▸ RECORDS
◇ ◇ ◇ ◇ ◇

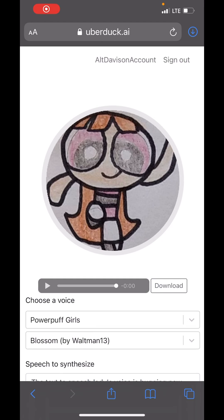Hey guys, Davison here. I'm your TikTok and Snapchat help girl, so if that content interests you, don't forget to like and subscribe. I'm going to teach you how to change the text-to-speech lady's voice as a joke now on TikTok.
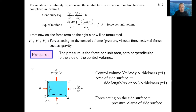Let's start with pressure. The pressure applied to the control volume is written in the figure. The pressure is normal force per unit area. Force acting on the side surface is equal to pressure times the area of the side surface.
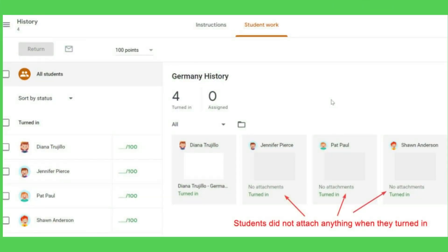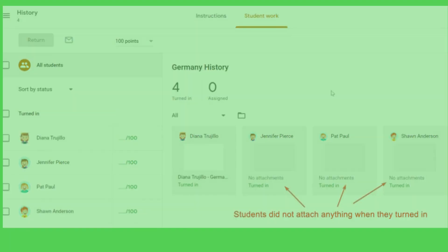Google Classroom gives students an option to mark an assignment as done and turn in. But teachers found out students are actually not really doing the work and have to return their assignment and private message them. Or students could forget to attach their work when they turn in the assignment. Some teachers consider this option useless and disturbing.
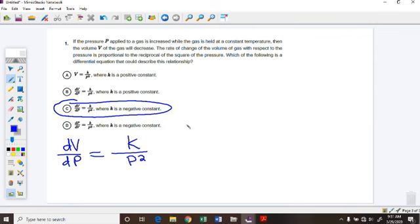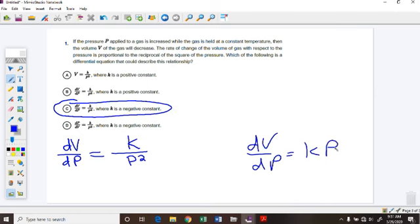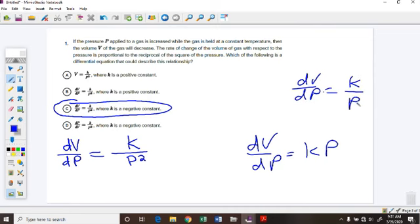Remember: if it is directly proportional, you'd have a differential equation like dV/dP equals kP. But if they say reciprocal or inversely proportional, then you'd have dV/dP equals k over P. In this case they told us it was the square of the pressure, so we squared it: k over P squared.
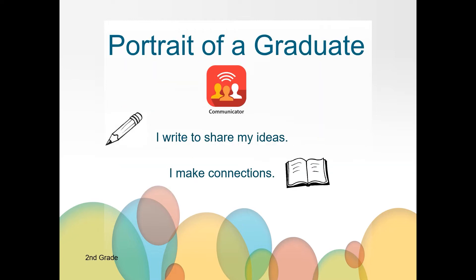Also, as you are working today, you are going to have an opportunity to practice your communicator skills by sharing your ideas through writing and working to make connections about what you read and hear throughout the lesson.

◇ ◇ ◇ ◇ ◇

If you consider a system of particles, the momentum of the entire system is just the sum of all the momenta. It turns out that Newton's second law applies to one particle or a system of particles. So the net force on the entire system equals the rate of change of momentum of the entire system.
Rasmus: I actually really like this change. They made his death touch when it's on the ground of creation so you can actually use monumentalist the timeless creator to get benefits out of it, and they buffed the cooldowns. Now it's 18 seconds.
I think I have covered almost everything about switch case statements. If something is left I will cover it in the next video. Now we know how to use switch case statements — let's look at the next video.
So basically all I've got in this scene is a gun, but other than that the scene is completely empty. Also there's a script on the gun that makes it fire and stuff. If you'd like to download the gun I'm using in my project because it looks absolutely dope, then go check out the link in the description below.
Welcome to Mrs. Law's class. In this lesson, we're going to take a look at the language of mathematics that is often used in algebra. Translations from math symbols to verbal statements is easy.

◇ ◇ ◇ ◇ ◇

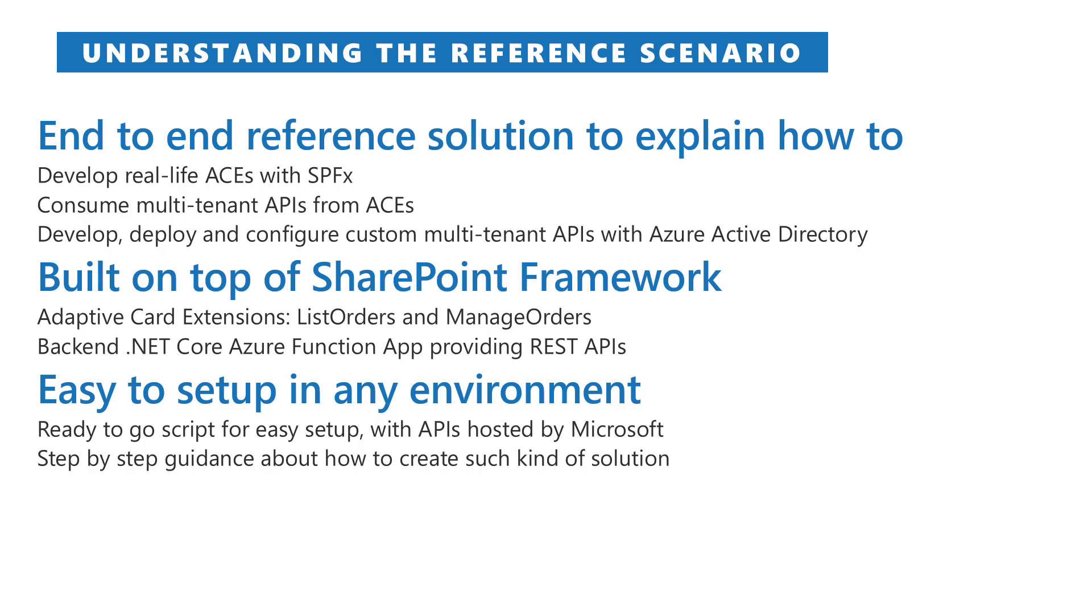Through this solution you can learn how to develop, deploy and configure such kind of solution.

◇ ◇ ◇ ◇ ◇

▸ ABOUT THIS EXERCISE
Could you repeat exactly the lines above from the line with "Rasmus: I actually" up to and including the line with "Welcome to Mrs.", and only those?

▸ WRITTEN ANSWER
Rasmus: I actually really like this change. They made his death touch when it's on the ground of creation so you can actually use monumentalist the timeless creator to get benefits out of it, and they buffed the cooldowns. Now it's 18 seconds.
I think I have covered almost everything about switch case statements. If something is left I will cover it in the next video. Now we know how to use switch case statements — let's look at the next video.
So basically all I've got in this scene is a gun, but other than that the scene is completely empty. Also there's a script on the gun that makes it fire and stuff. If you'd like to download the gun I'm using in my project because it looks absolutely dope, then go check out the link in the description below.
Welcome to Mrs. Law's class. In this lesson, we're going to take a look at the language of mathematics that is often used in algebra. Translations from math symbols to verbal statements is easy.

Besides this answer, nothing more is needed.